Grand Valley Power has joined with GRID Alternatives on the unique project. The project is scheduled for completion during what’s billed as a community solarthon event May 30. The 25-killowatt array will provide electricity to six to 10 families in the Grand Junction area, offsetting up to 90 percent of their electrical needs.
“This is a model that makes sense. We can make clean energy available to folks who have never had access to it. Everybody benefits.
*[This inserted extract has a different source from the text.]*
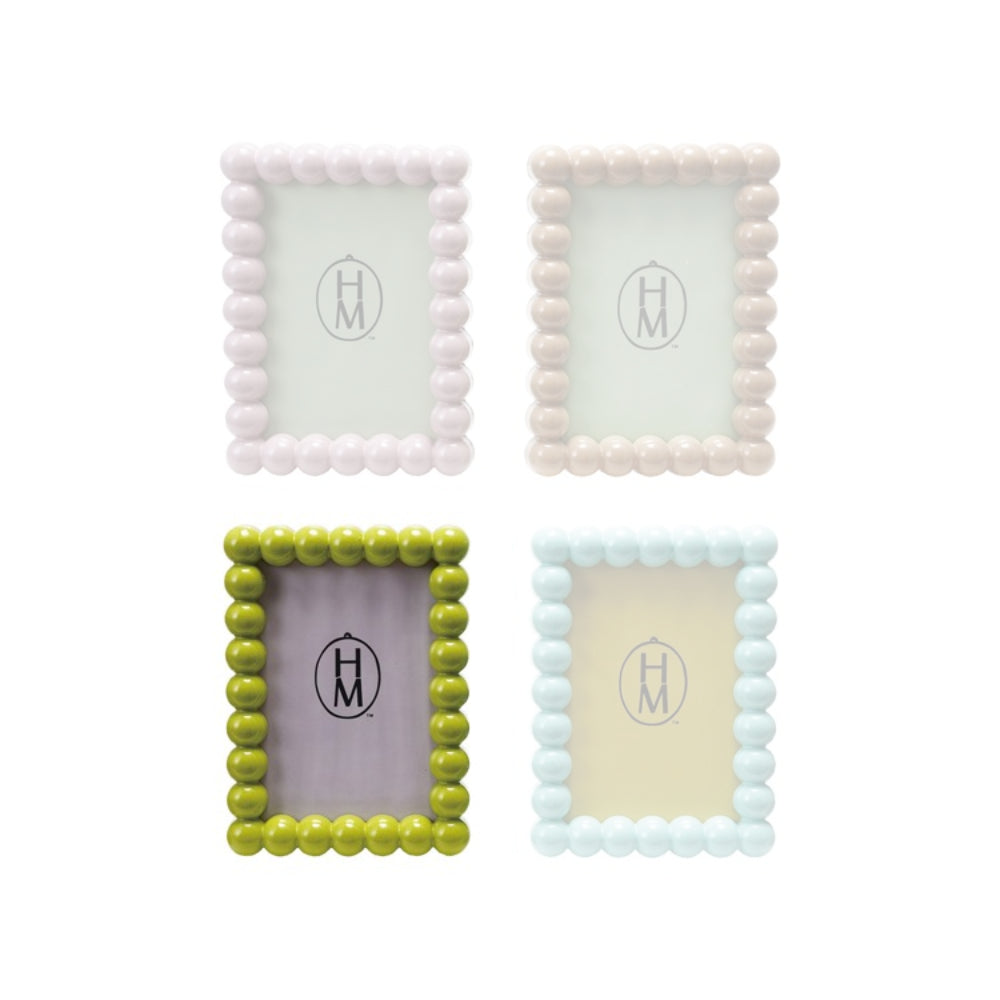 Green hobnail beaded egde 4x6 picture frames with a brand logo on a white background.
By leveraging GRID Alternatives’ expertise in solar development and working with lower income families, we can successfully serve some of our most vulnerable members,” said Tom Walch, general manager of Grand Valley Power.
The project is the first step in a three-year plan by GRID Alternatives to develop at least 1 megawatts of solar electricity capacity for low-income customers in partnership with Colorado utilities.
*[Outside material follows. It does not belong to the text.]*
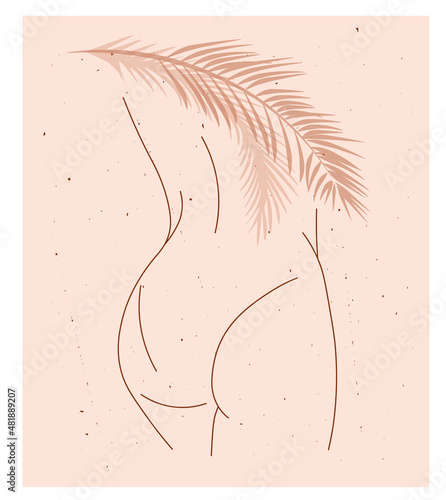 Female figure, silhouette. Portrait of a fashionable woman in pastel colors. Poster of contemporary art. Concept of body acceptance. body positivity and diversity. Happy and active plus size girls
“We have seen a tremendous groundswell of hardworking families wanting solar and the benefits it brings,” said Chuck Watkins, executive director of GRID Alternatives Colorado. “Community solar can provide solar to all Coloradans regardless if they’re renters, homeowners or people just struggling financially.”
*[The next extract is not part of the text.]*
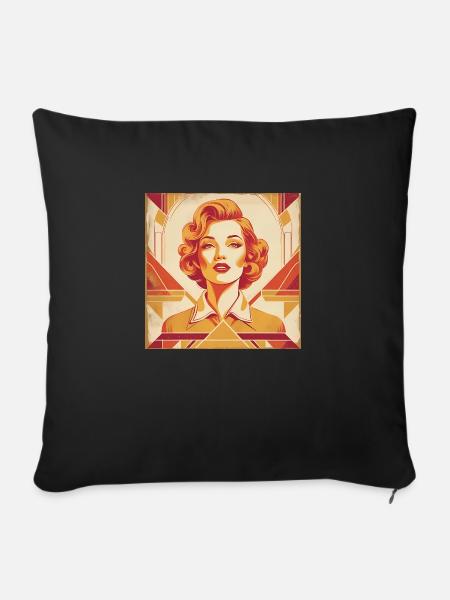 Retro Design - Sofakissen mit Füllung 45 x 45 cm - Schwarz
The Grand Valley project is the first of its kind to be developed by a nonprofit group in partnership with a utility. Grand Valley Power has provided land, connections and administrative and financial support. GRID Alternatives will design and build the array. Grand Valley Power will own the array and provide retail bill credits for participating low-income households.
In addition to Grand Valley Power, GRID Alternatives has been working with Housing Resources of Western Colorado, Atlasta Solar and Alpine Bank on the community solar garden. National partners SunEdison, Enphase Energy and Ironridge have donated equipment for the project.
Housing Resources of Western Colorado will help identify and qualify families that want to participate in the program.
“Working with GRID and Grand Valley Power means the families we serve get lower electricity bills, more resources to pay for other basic needs and the opportunity to receive valuable job training,” said Eldon Krugman, executive director of Housing Resources of Western Colorado. “This partnership also meets the tenants of our mission to provide affordable housing and promote the wise and sustainable use of resources.”